Still, there are moments when these words don’t fully hold. Some fears come from real danger, real trauma, or real instability. In those cases, imagining bright futures may feel fake or even painful. Sometimes the best you can do is use your imagination to picture yourself getting through the next hour, not "inspiring yourself to life" in some grand sense. Yet even then, the core idea can stay soft in the background: your mind is not only a place where fear grows; it can also be a place where a small, realistic kind of hope begins.
The Setting Behind the Quote
Adele Brookman’s words emerged from a culture that was increasingly aware of inner life. During the mid to late 20th century, psychology was moving into everyday language. People were beginning to talk more openly about stress, worry, and the power of thoughts. Self-help books, therapy, and personal development ideas became more common, especially in Western societies that were also experiencing rapid social change, new technologies, and pressure to achieve.
In that environment, imagination was no longer seen only as an artist’s tool or a child’s plaything. It was being recognized as something that shaped emotions and choices. Advertising used it to sell futures. Movies and television used it to create shared dreams and fears. At the same time, more people were noticing how much time they spent picturing worst-case scenarios in private. The idea that "it’s all in your head" was starting to feel less dismissive and more like a clue.

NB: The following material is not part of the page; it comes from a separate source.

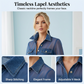 ✨ Fresh Drop 💙 Tailored Waist Denim Top with Sheer Panels – Elegant Work-to-Weekend Style 👖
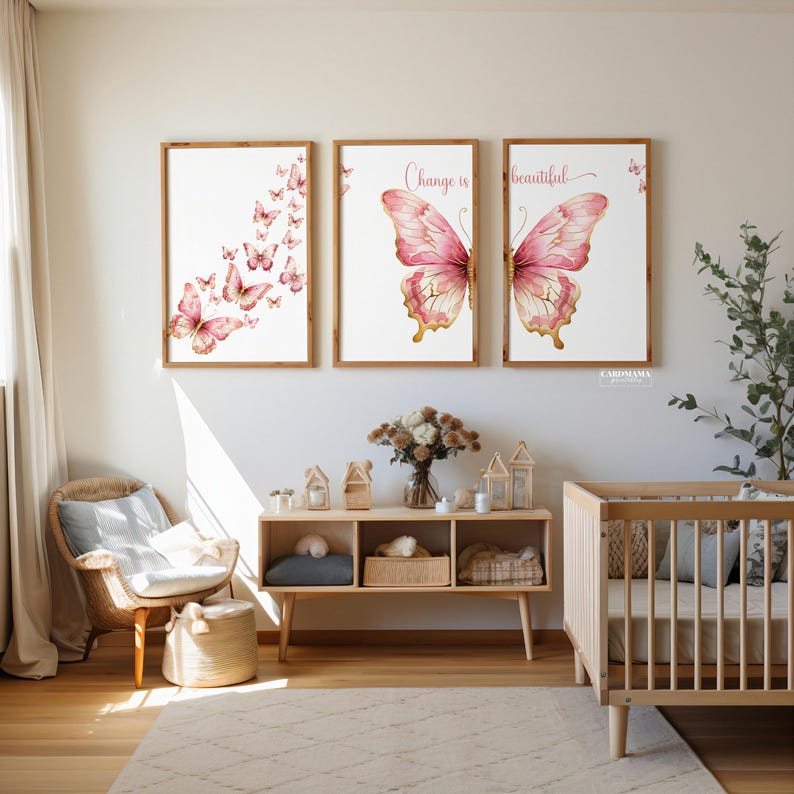 Butterfly Art Print Set Trendy Pink Room Decor, Inspirational Quotes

Brookman’s quote fit this moment neatly. It captured a simple but piercing thought: the same inner pictures that make you terrified can also make you brave. Rather than lecturing or using technical terms, these words speak in ordinary language about a very modern experience—being mentally overwhelmed by imagined disasters. They offer a small rebellion against that habit, not by asking you to stop imagining, but by asking you to notice what you are using your mind to build. In a world growing louder and more uncertain, that felt, and still feels, deeply relevant.
About Adele Brookman
Adele Brookman, who was born in 1913 and died in 1983, lived through some of the most turbulent and transformative decades of the 20th century, including economic depression, world war, and enormous cultural shifts in how people understood the mind and emotions. She was an American writer and speaker whose work touched on themes of inner strength, perspective, and the quiet power of how you talk to yourself. Though not a household name, her words have been remembered and shared in collections of inspirational and psychological quotations.

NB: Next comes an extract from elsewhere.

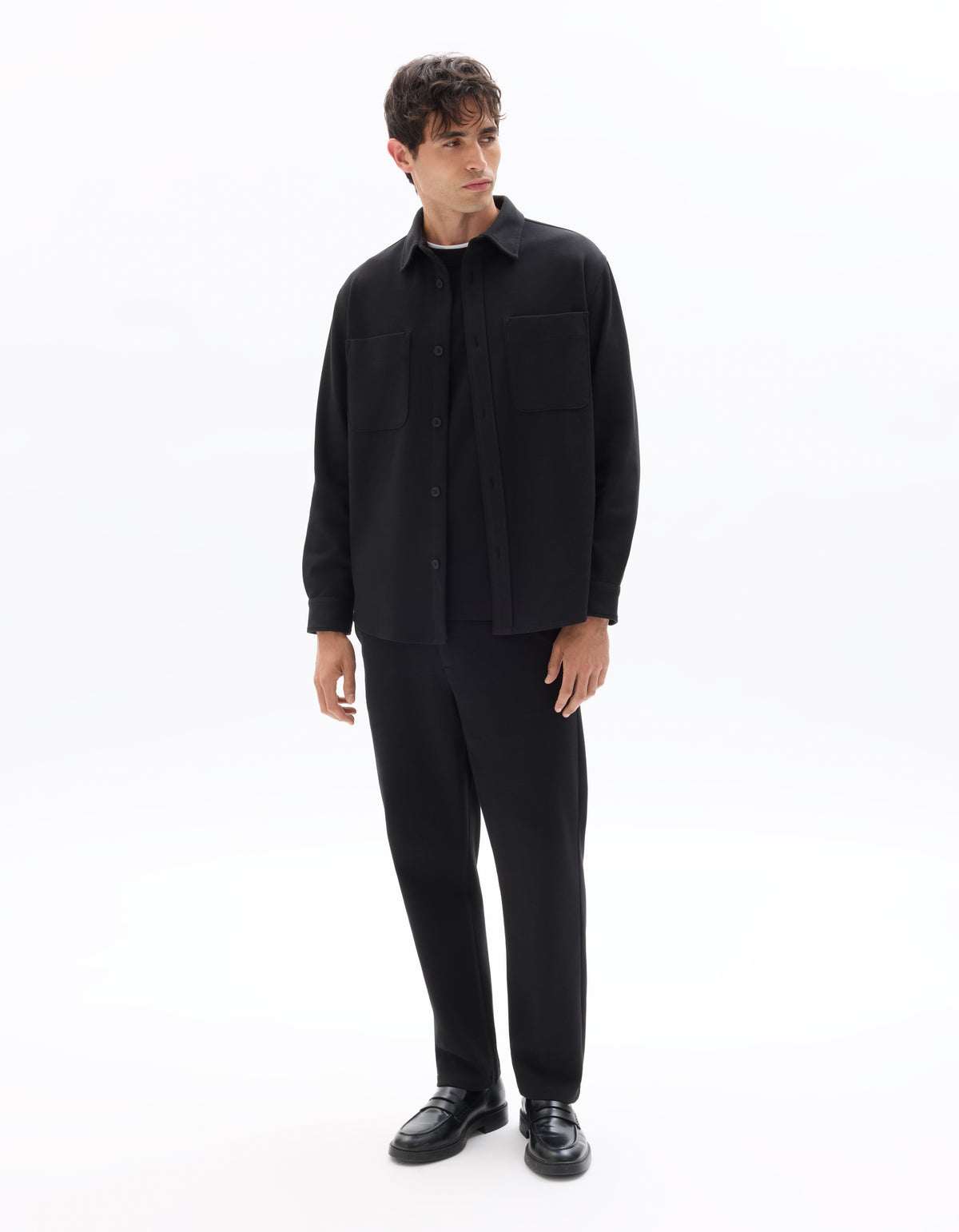 Straight Fit Poly-Cotton Solid Casual Trouser - Black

Brookman’s era saw the rise of psychotherapy, the popularization of ideas from figures like Freud and later humanistic psychologists, and a growing interest in self-examination. In that context, her focus on imagination was not abstract; it reflected a time when people were beginning to see their inner world as something they could shape, not just endure. She watched a generation carry war memories and another confront fast-changing expectations in work and family life, and she emphasized personal agency in the small territory of everyday thinking.
Her quote about using imagination differently fits her broader outlook: that you cannot always control events, but you can influence the tone and direction of your inner stories. She seemed to believe that your mind can be either a hostile environment or a supportive one, and that gently choosing the latter is a form of quiet courage.